Then \[ \begin{eqnarray*} \int \dfrac{x}{(x-2)(x-3)}dx &=& \int \dfrac{-2}{x-2}\,dx+\int \dfrac{3}{x-3} \,dx \\ &=& -2\,\ln \,\vert x-2 \vert +3\ln \,\vert x-3 \vert +C=\ln \left\vert \dfrac{(x-3)^{3}}{(x-2)^{2}}\right\vert +C \end{eqnarray*} \]

NOW WORK

Problem 11.

Alternatively, we can find the unknown numbers in the decomposition of \(\dfrac{p}{q}\) by substituting convenient values of \(x\) into the identity obtained after clearing fractions.* In Example 1, after clearing fractions, the identity is \[ \begin{equation*} x=A(x-3)+B(x-2) \end{equation*} \]

*This method is discussed in detail in H. J. Straight & R. Dowds (1984, June-July), American Mathematical Monthly, 91(6), 365.

When \(x=3\), the term involving \(A\) drops out, leaving \(3=B\cdot 1\), so that \(B=3\). When \(x=2\), the term involving \(B\) drops out, leaving \(2=A\cdot (-1)\), so that \(A=-2\).

Deriving Formulas Involving a Rational Function

Derive these formulas: \[\bbox[5px, border:1px solid black, #F9F7ED]{{(a)} \quad \int \dfrac{dx}{x^{2}-a^{2}}=\dfrac{1}{2a}\ln \left \vert \dfrac{x-a}{x+a}\right \vert +C \quad a ≠ 0 } \] \[\bbox[5px, border:1px solid black, #F9F7ED]{{(b)} \quad \int \dfrac{dx}{a^{2}-x^{2}}=\dfrac{1}{2a}\ln \left\vert \dfrac{x+a}{x-a}\right\vert +C \quad a ≠ 0 }\]

Solution(a) The factored denominator \(x^{2}-a^{2}=( x-a) (x+a)\) contains only distinct linear factors. So, \( \dfrac{1}{x^{2}-a^{2}}\) can be decomposed into partial fractions of the form \[ \begin{eqnarray*} \begin{array}{rl@{\qquad}l} \dfrac{1}{x^{2}-a^{2}} &= \dfrac{1}{(x-a)(x+a)}=\dfrac{A}{x-a}+\dfrac{B}{x+a}\\ 1 &= A(x+a) +B (x-a)&{\color{#0066A7}{\hbox{Multiply both sides by }(x-a) (x+a).}} \end{array} \end{eqnarray*} \]

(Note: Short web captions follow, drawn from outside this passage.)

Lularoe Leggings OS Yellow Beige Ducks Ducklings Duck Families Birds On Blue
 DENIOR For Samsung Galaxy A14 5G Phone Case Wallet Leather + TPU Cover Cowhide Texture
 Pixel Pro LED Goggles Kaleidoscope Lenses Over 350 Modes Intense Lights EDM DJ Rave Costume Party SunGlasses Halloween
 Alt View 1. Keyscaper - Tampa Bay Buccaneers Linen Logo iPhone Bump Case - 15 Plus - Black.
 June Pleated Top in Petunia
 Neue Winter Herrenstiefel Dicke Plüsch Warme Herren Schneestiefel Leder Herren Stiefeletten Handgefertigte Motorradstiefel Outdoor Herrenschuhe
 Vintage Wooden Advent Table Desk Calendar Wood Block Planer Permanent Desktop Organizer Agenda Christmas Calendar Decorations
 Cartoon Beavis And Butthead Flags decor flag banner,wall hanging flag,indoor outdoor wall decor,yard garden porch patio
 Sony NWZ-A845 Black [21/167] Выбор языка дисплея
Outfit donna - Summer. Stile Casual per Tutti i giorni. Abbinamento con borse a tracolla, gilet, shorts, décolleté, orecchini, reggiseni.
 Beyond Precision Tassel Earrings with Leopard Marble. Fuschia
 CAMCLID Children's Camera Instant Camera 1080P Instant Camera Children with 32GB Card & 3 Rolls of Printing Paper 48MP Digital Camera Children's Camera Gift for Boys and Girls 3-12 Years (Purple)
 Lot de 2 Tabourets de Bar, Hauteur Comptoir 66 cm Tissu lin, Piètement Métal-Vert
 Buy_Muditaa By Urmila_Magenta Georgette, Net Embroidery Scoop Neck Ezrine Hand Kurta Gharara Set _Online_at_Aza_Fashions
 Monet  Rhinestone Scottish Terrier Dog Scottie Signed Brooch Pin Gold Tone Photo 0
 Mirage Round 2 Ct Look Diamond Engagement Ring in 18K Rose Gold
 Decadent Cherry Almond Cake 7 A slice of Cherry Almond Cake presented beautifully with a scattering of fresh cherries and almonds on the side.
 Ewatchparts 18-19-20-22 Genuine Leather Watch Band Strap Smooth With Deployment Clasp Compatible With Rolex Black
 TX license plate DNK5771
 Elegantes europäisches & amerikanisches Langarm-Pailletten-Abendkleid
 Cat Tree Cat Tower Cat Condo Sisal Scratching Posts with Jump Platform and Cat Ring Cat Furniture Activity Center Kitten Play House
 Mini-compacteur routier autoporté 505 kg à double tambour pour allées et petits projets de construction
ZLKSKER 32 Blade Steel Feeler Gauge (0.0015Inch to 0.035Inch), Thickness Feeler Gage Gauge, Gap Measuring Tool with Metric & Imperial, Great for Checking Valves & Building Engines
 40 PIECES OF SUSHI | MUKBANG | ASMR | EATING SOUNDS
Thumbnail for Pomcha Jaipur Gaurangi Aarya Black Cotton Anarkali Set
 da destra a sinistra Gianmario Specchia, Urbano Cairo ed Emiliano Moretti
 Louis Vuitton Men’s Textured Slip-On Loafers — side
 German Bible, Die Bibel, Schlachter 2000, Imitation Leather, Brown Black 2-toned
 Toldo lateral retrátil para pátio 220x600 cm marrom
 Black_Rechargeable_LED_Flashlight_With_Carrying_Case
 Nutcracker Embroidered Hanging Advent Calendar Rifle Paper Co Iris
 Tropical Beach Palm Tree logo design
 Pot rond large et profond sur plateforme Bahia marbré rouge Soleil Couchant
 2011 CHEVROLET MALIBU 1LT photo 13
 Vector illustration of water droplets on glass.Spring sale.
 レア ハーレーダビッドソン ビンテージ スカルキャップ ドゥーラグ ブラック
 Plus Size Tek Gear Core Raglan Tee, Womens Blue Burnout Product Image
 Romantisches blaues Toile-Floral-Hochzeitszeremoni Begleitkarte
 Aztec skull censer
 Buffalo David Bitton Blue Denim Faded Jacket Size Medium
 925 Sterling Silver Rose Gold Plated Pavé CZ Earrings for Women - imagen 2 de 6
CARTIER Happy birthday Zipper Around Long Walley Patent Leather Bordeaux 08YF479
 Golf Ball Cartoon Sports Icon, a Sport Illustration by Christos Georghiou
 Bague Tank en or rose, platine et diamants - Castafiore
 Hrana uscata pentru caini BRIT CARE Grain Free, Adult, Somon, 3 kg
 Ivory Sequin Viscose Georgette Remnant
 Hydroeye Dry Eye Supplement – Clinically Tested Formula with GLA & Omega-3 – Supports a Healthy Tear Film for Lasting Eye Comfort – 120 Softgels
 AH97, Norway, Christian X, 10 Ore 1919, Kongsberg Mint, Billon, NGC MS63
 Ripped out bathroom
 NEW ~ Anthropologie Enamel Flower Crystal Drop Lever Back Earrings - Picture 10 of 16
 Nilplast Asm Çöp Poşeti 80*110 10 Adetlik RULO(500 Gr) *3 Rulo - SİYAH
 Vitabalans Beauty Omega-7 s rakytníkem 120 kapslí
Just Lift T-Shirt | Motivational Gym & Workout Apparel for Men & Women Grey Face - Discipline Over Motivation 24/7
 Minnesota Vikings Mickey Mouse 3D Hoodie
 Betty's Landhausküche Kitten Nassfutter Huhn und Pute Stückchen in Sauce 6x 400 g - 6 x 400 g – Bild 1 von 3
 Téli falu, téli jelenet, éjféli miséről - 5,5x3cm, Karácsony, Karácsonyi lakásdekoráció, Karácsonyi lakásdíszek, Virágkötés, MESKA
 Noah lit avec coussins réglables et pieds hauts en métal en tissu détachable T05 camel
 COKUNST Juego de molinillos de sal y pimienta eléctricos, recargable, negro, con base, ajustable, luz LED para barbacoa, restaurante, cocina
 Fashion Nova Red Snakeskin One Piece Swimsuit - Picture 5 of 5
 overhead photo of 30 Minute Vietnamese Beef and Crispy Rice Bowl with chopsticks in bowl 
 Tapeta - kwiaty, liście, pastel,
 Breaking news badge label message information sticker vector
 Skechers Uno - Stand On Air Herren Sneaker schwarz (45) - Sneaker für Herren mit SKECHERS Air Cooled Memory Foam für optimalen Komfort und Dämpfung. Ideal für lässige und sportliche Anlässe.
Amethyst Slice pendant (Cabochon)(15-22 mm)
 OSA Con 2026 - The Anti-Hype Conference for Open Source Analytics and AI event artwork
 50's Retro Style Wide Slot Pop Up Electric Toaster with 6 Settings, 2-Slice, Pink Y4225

This is an identity in \(x.\) When \(x=a,\) the term involving \(B\) drops out. Then \(1=A(2a)\), so \(A=\dfrac{1}{2a}.\) When \(x=-a\), the term involving \(A\) drops out. Then \(1=B (-2a)\), so \(B=-\dfrac{1}{2a}.\) Then, \[ \begin{equation*} \dfrac{1}{x^{2}-a^{2}}=\dfrac{A}{x-a}+\dfrac{B}{x+a}=\dfrac{1}{2a( x-a) }-\dfrac{1}{2a(x+a) } \end{equation*} \] \[ \begin{eqnarray*} \int \dfrac{dx}{x^{2}-a^{2}} &=& \dfrac{1}{2a}\int \dfrac{dx}{x-a}-\dfrac{1}{2a} \int \dfrac{dx}{x+a}=\dfrac{1}{2a}\left( \int \dfrac{dx}{x-a}-\int \dfrac{dx}{x+a}\right) \\[7pt] &=& \dfrac{1}{2a}\big(\ln \,\vert x-a\vert -\ln \,\vert x+a \vert\big) +C\\[7pt] &=&\dfrac{1}{2a}\ln \left\vert \dfrac{x-a}{x+a}\right\vert +C \end{eqnarray*} \]

502

(b) Using the result from (a), we get \[ \begin{eqnarray*} \int \dfrac{dx}{a^{2}-x^{2}} &=& -\int \dfrac{dx}{x^{2}-a^{2}}=-\dfrac{1}{2a}\ln \left\vert \dfrac{x-a}{x+a}\right\vert +C=\dfrac{1}{2a}\ln \left\vert \dfrac{x-a }{x+a}\right\vert ^{-1}+C \\[6pt] &=& \dfrac{1}{2a}\ln \left\vert \dfrac{x+a}{x-a}\right\vert +C \end{eqnarray*} \]

NOW WORK

Problem 37.

2 Integrate a Rational Function Whose Denominator Contains a Repeated Linear Factor

Case 2: If the denominator \(q\) has a repeated linear factor \( (x-a)^{n},\) \(n \geq 2\) an integer, then the decomposition of \(\dfrac{p}{q}\) includes the terms \[\bbox[5px, border:1px solid black, #F9F7ED]{ \dfrac{A_{1}}{x-a}, \dfrac{A_{2}}{(x-a)^{2}},\ \ldots ,\ \dfrac{A_{n}}{(x-a)^{n}}} \]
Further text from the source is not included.